» EXERCISE INSTRUCTIONS
Go through the data below and report how many lines contain "class"; the reply holds only that number.

Top of SOURCE RECORDS

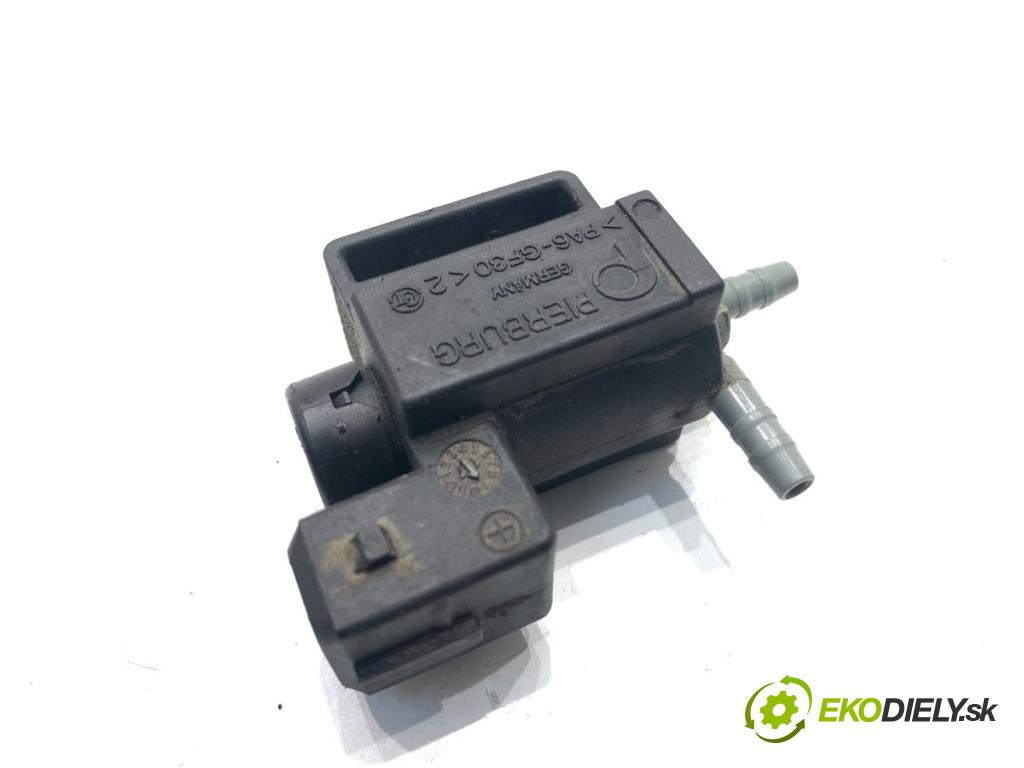 VOLVO V60 I Kombi 2018 110 kW 2.0 D3 1969 Ventil tlaku 31339879 (Ventil)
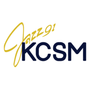 KCSM Jazz 91.1 FM - San Francisco / CA - Ouça ao vivo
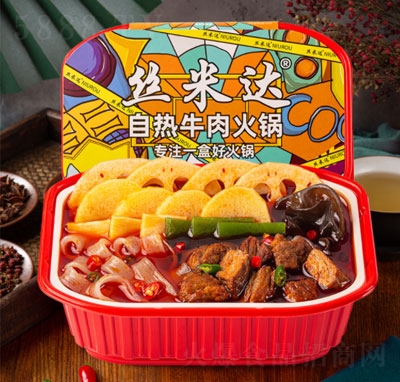 �z���_(d��)�ԟ�ţ����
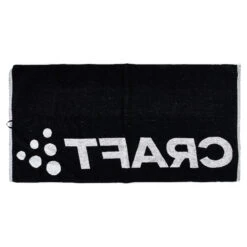 Craft Bath Towel -JOM Kleidung Geschaft 1911096 900999 craft bath towel z2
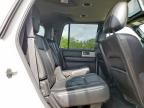 Houston, TX에서 판매 중인 2014 Ford Expedition Limited - Rear End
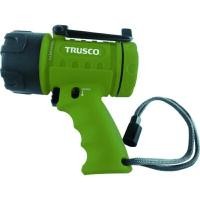 ราคา TRUSCO สปอร์ตไลท์ LED รุ่น SPL-500 สีเขียว (YA21399)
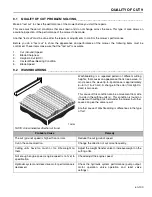 Preview for 101 page of Jacobsen HR800 Safety, Operation & Maintenance Manual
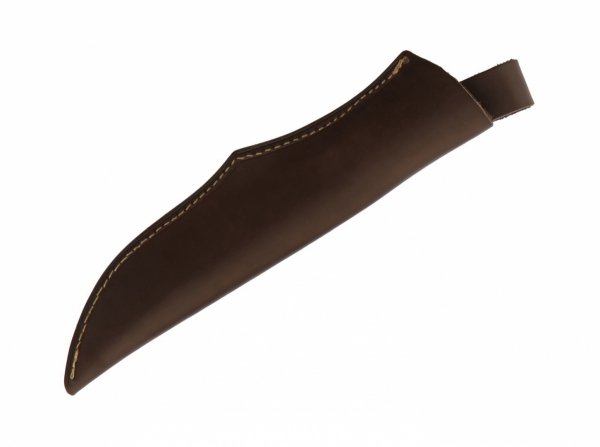 Nóż ZA-PAS Biwi Micarta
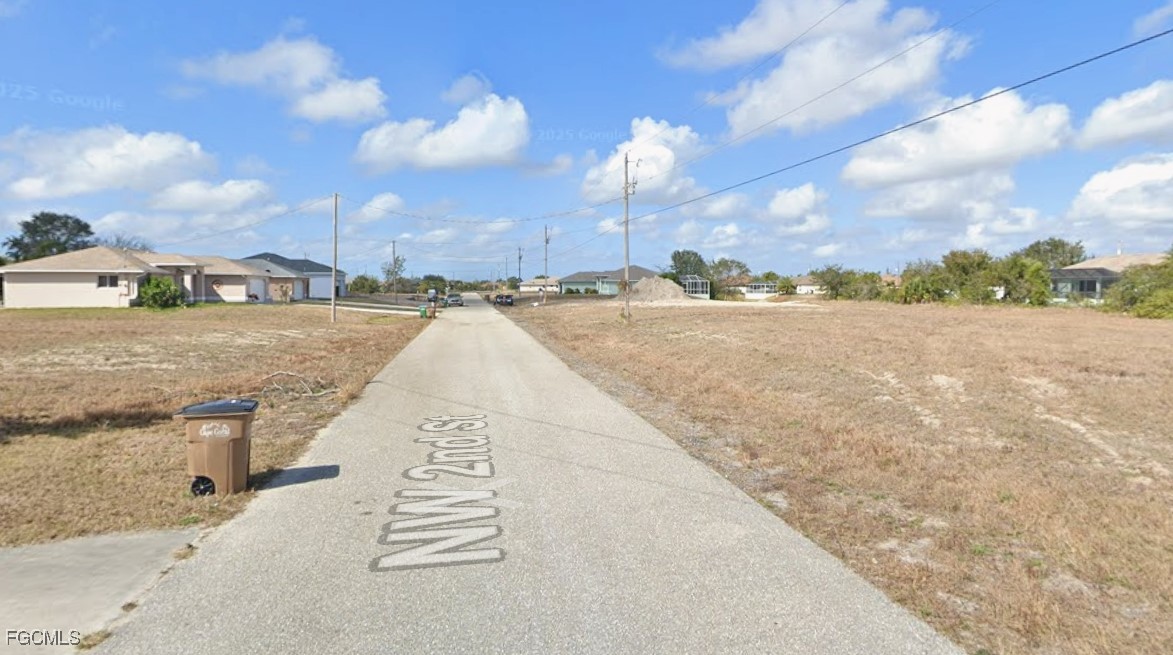 1615 NW 2nd Street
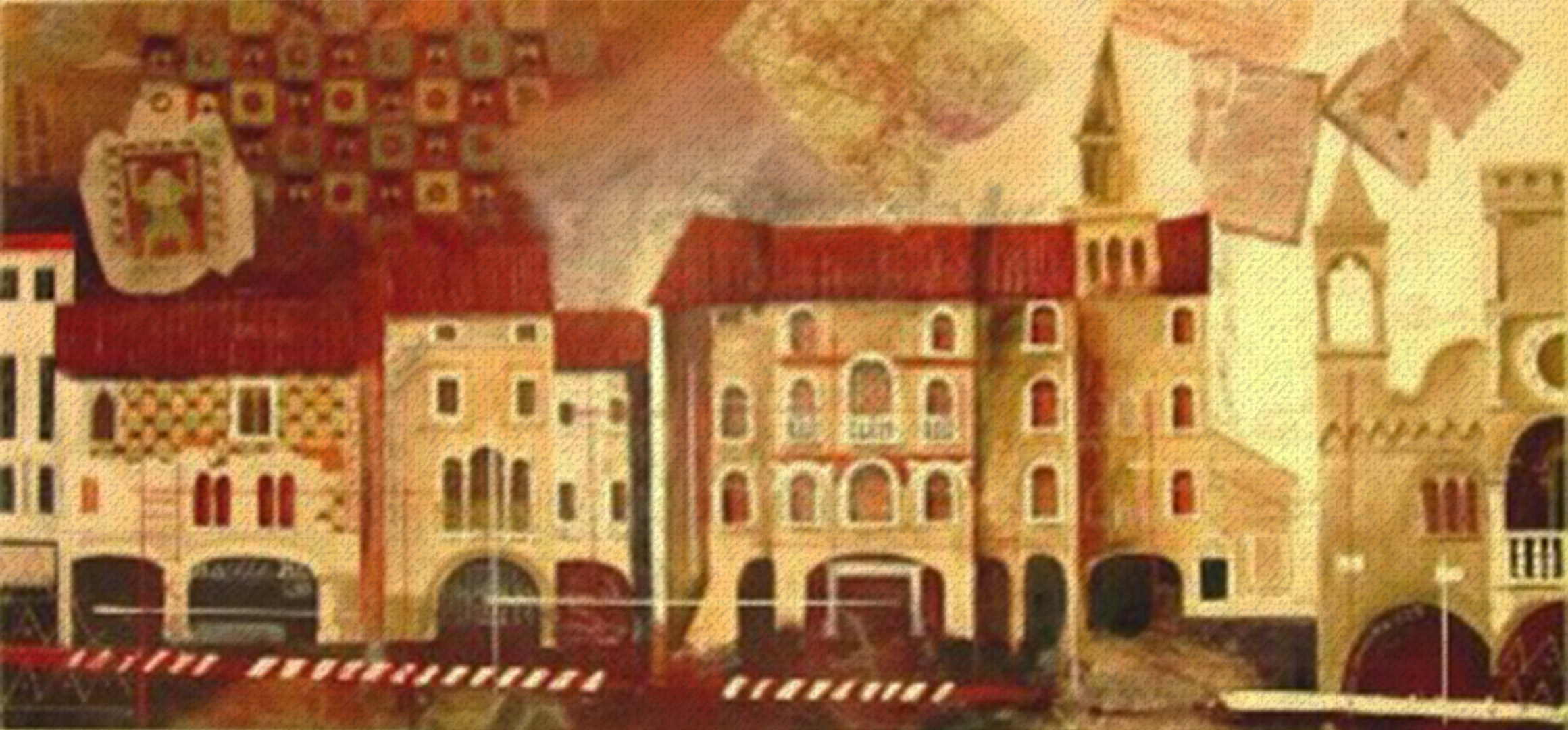 POGLIO MAURO - CONSULENZA FINANZIARIA E PATRIMONIALE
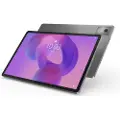 Lenovo Idea Tab Pro ZAE4 - tablet - Android 14 or later - 128 GB - 12.7"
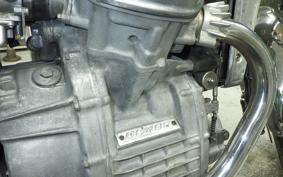 HONDA GL 400 WING 1982 GL400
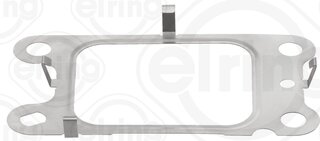 Elring 184.020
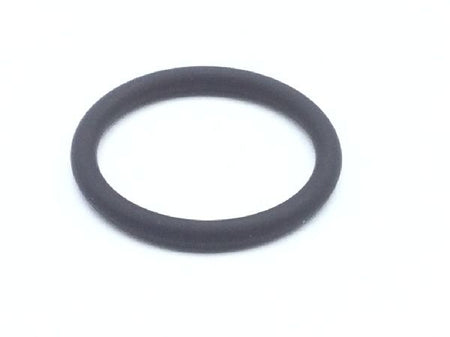 AS3209-015 O-Ring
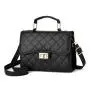 2022 Women Bag Newest mini Handbag Fashion Patchwork Crossbody bags handbags for women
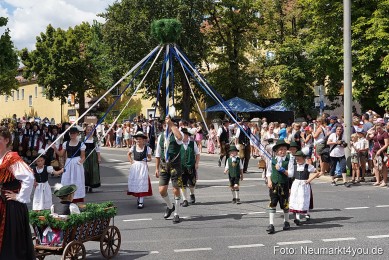 JURA-Volksfestzug-Neumarkt-0006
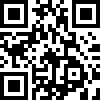 https://imna.ir/xbh2g
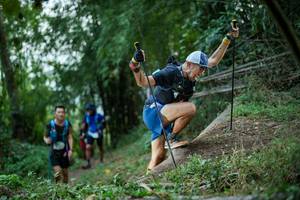 BIB: 
                            <button type="button" onclick="openModal(19428884)" class="btn btn-primary btn-sm float-right btn-popup" data-toggle="modal" data-target=".modal-high-quality">
                        <i class="fas fa-shopping-cart"></i> Add to Cart
                    </button>
                                            <button type="button" onclick="isThisMe(19428884, true)" class="btn btn-success btn-sm float-right btn-popup btn-isme hidden" data-toggle="tooltip" data-placement="bottom" title="นี่คือรูปของคุณใช่ไหม คลิกที่นี่เพื่อเอาเข้าอัลบั้ม">
                        <i class="fas fa-plus"></i> Add to album
                    </button>
                    <button type="button" onclick="isThisMe(19428884, false)" class="btn btn-warning btn-sm float-right btn-popup btn-isnotme hidden">
                        <i class="fas fa-ban"></i> Remove from album
                    </button>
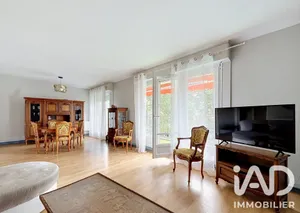 Appartement à Bayonne (64100)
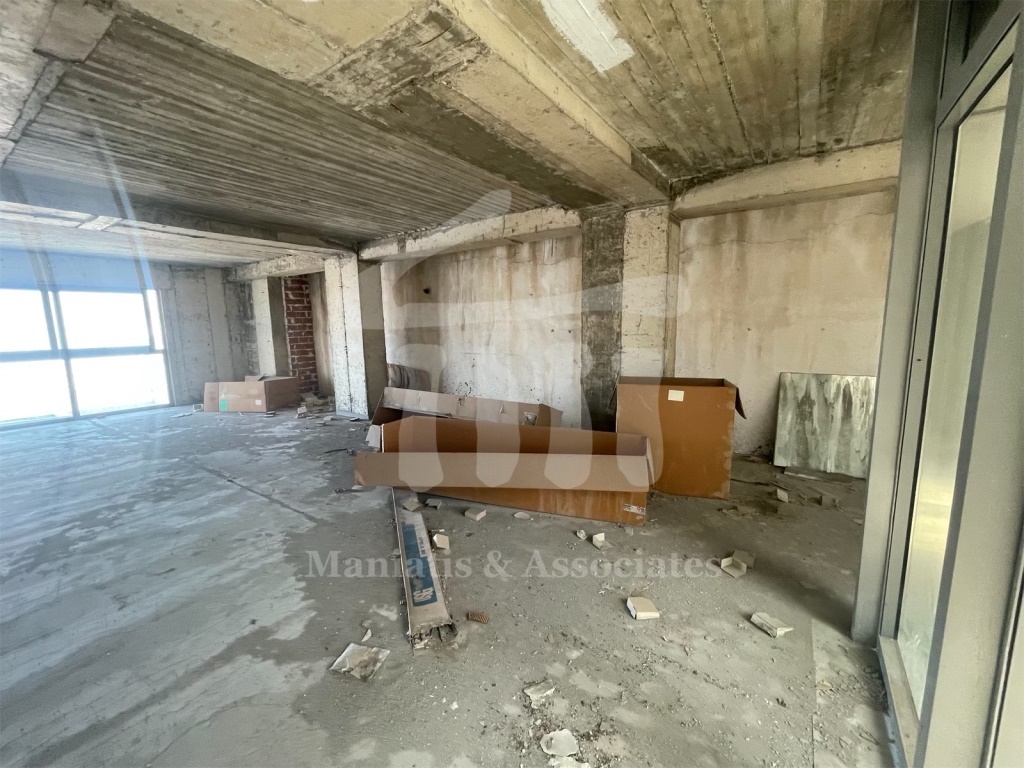 Gallery image 7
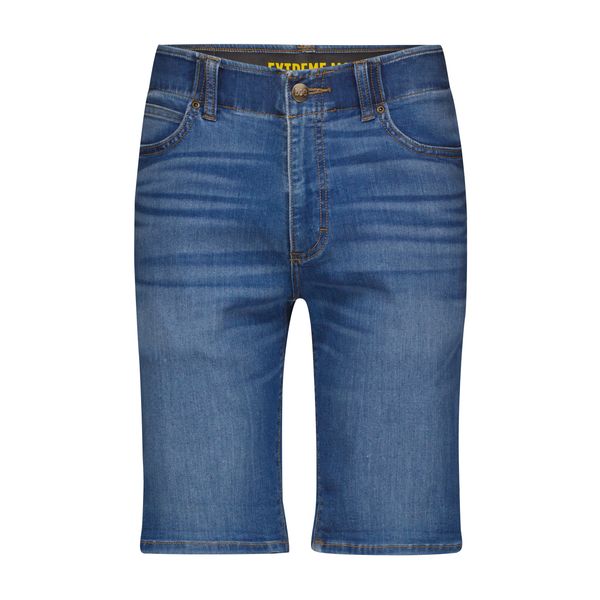 couleur Blue Rooster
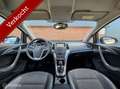 Opel Astra 1.4 Cosmo / NAP / NAVI / CLIMA / APK Bleu - thumbnail 10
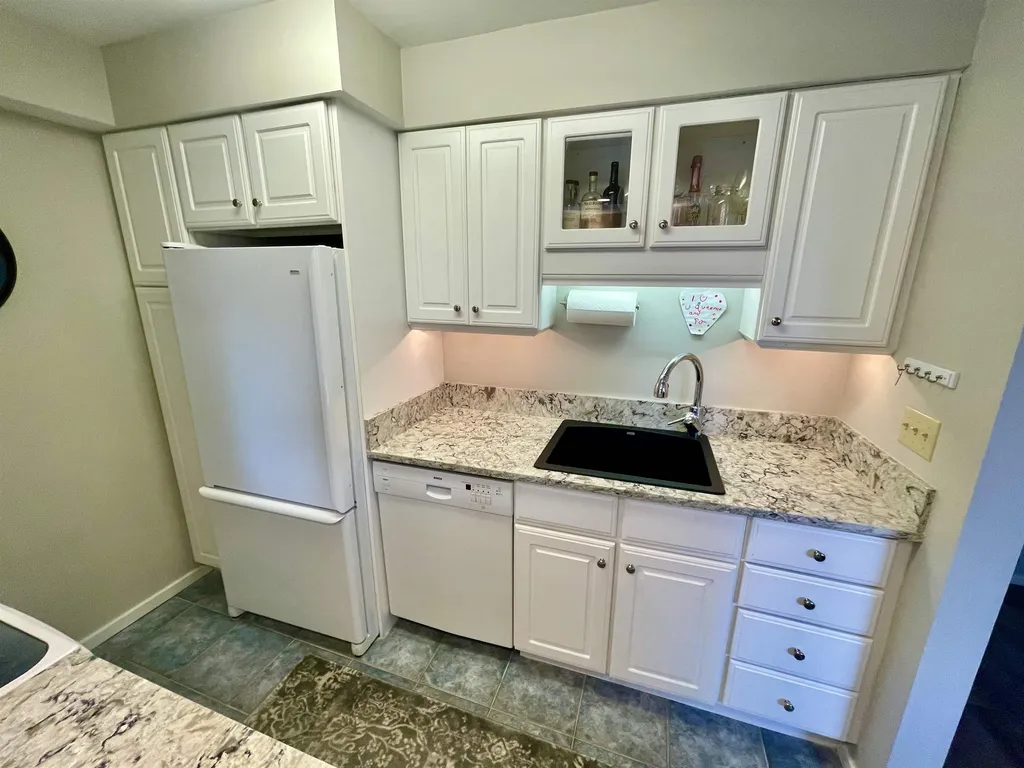 102 Upper Phase Road Warren VT 05674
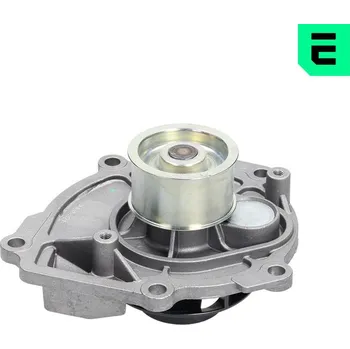 Chladič motoru Vodní čerpadlo, chlazení motoru OPTIMAL AQ-2370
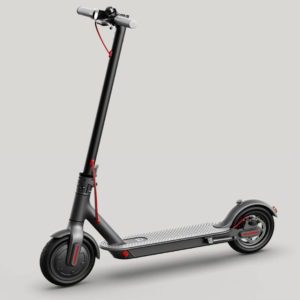 elektrosamokat_mijia_electric_scooter_1s_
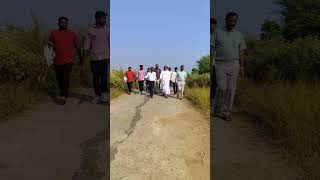 తెలంగాణ రాష్ట్ర రైతు కమిషన్ సభ్యులు రాoరెడ్డి గోపాల్ రెడ్డి గారు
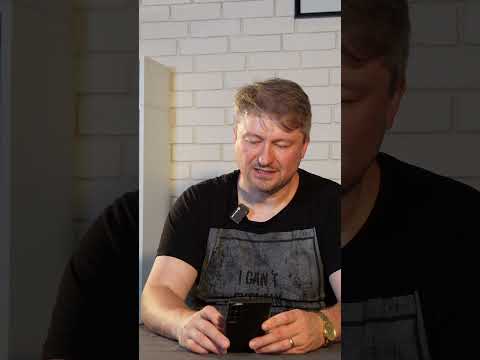 Путин подписал указ #новости #политика #путин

Bottom of SOURCE RECORDS

» WRITTEN ANSWER
6